Only 800 of 2,500 boxes of Government papers from 1989 to be made public in January

National Archives on Bishop Street: A lack of space means it relies on the Office of Public Works for temporary storage  for  documents when yearly releases are made. Photograph: Nick Bradshaw

National Archives on Bishop Street: A lack of space means it relies on the Office of Public Works for temporary storage for documents when yearly releases are made. Photograph: Nick Bradshaw

 

Only a fraction of confidential State documents from 1989, which are due for release under the 30-year rule, will be available to the public because of insufficient storage facilities and staff shortages at the National Archive.

The difficulties also mean that a 2018 law providing for earlier release of State papers does not look feasible into the foreseeable future.

Papers from Government departments dating from 1989 will be made available to the public from January. The keeper of Archives and Government Services, Helen Hewson, said that because of a lack of storage it is only in a position to receive 800 of 2,500 boxes of archival material.

In a statement, Tom Quinlan, the acting director of the National Archive, said due to the “temporary unavailability of sufficient storage space, the archive was able to accept only a limited number of transfers of 30-year-old records”. There is no available space in the archive’s current premises on Bishop Street in Dublin and it relies on the Office of Public Works (OPW) to source temporary storage facilities for its documents when yearly releases are made.

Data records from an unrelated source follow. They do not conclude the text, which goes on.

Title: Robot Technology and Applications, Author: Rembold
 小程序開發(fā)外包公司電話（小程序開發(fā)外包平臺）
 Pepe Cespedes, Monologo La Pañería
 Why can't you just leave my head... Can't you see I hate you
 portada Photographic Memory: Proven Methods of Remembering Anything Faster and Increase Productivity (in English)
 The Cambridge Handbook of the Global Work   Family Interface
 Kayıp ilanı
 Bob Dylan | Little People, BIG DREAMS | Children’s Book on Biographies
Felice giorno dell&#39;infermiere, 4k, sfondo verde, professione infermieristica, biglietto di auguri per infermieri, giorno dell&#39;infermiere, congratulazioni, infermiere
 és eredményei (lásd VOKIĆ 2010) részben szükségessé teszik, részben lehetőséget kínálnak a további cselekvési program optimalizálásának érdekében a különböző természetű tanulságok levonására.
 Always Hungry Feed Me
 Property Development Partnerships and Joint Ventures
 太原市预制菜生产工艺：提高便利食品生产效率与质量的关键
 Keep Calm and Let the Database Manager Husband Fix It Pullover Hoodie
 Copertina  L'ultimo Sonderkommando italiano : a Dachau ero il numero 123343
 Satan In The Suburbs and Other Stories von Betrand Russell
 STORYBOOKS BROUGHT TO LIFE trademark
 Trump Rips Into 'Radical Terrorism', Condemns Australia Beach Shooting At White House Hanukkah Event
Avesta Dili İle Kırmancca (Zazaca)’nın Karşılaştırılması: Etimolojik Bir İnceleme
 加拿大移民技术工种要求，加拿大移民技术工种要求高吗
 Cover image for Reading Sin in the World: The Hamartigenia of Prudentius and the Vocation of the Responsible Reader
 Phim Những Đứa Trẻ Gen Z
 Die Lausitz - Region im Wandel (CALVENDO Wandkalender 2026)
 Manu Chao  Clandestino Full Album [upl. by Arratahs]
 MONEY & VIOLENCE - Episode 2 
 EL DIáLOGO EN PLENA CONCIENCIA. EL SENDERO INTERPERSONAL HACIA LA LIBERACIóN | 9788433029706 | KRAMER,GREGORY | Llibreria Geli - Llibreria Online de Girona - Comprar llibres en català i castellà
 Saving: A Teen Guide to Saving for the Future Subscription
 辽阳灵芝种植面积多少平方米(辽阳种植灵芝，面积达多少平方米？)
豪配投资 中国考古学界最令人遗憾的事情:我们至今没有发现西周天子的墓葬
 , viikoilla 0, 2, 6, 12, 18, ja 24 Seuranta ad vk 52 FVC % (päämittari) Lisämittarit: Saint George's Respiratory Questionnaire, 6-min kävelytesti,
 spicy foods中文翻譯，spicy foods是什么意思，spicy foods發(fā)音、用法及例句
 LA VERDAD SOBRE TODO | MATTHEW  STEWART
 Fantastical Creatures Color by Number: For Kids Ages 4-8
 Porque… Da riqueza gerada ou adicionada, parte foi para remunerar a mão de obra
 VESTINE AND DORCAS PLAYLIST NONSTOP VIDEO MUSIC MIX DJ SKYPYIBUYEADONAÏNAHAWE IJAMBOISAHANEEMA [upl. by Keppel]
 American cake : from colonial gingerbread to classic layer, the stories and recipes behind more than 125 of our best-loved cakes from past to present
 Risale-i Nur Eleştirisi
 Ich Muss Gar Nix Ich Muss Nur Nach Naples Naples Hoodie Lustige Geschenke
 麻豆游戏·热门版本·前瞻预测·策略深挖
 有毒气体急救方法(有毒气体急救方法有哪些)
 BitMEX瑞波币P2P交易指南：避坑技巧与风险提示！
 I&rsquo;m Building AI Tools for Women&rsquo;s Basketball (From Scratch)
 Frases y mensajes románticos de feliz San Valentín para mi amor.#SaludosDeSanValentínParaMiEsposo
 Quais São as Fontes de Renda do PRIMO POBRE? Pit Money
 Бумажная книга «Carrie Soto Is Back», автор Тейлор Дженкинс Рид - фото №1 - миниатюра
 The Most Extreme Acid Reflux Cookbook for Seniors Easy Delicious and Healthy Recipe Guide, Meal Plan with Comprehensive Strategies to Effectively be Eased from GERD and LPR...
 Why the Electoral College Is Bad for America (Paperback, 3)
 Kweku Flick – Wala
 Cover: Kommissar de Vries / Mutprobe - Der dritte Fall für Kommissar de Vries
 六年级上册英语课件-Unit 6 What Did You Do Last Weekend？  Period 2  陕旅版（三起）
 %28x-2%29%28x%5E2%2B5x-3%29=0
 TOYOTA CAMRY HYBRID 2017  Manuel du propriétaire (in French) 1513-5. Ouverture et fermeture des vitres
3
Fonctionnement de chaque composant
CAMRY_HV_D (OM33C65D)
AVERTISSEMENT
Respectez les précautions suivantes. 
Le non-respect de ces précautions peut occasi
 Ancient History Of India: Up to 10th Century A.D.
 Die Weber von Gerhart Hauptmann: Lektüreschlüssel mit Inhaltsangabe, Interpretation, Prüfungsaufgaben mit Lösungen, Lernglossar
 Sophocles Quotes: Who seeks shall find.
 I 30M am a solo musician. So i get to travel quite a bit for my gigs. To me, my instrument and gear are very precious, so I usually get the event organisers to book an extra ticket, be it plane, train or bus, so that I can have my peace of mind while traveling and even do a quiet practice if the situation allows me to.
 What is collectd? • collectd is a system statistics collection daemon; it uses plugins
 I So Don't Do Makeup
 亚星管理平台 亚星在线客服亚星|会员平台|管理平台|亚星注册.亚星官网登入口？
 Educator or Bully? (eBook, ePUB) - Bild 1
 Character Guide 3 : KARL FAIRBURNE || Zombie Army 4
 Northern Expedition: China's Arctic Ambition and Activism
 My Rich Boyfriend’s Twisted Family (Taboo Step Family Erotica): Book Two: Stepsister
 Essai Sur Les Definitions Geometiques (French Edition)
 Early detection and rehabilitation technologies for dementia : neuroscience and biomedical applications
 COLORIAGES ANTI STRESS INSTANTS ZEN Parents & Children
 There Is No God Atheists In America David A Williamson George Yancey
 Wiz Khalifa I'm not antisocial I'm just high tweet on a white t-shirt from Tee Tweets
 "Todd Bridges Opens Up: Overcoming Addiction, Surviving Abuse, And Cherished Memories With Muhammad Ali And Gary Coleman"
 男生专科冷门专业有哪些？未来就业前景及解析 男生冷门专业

However, the OPW was unable to find temporary storage space in time for this year’s release.

National Archive

“Until such time as the OPW is able to provide the National Archive with additional storage for archives offsite in commercial storage, the institution is unfortunately unable to accept transfers of 30-year old records,” said Mr Quinlan.

The scaling-back of transfers has been compounded by staff shortages. The Fórsa trade union, which represents archivists, has recently published a report that found that only four of 61 State departments and bodies covered by the National Archives Act are up to date with their legal obligations to transfer records.

The report also identifies major shortcomings in the digitisation of records and the development of online access.

Looming 20-year rule

“This is largely due to serious staffing and skills shortages, a problem that will be exacerbated when a commencement order is signed to implement the 20-year rule, due to replace the current 30-year arrangement. Although this will result in additional work, no extra staff have been hired.”

The report finds the archive’s staff numbers are 25 per cent below the number identified as necessary.

The National Archive Act was amended in 2018 to reflect changes in Britain where a new 20-year rule is already being phased in. That has resulted in state papers on Anglo-Irish relations from the North and London being made available years in advance of Ireland. In the new year, British papers from 1995 and 1996 will be released. Ms Hewson said that, by next year, Ireland would be lagging behind Britain by nine years with no guarantee the phasing-in of the 20-year-old rule would begin.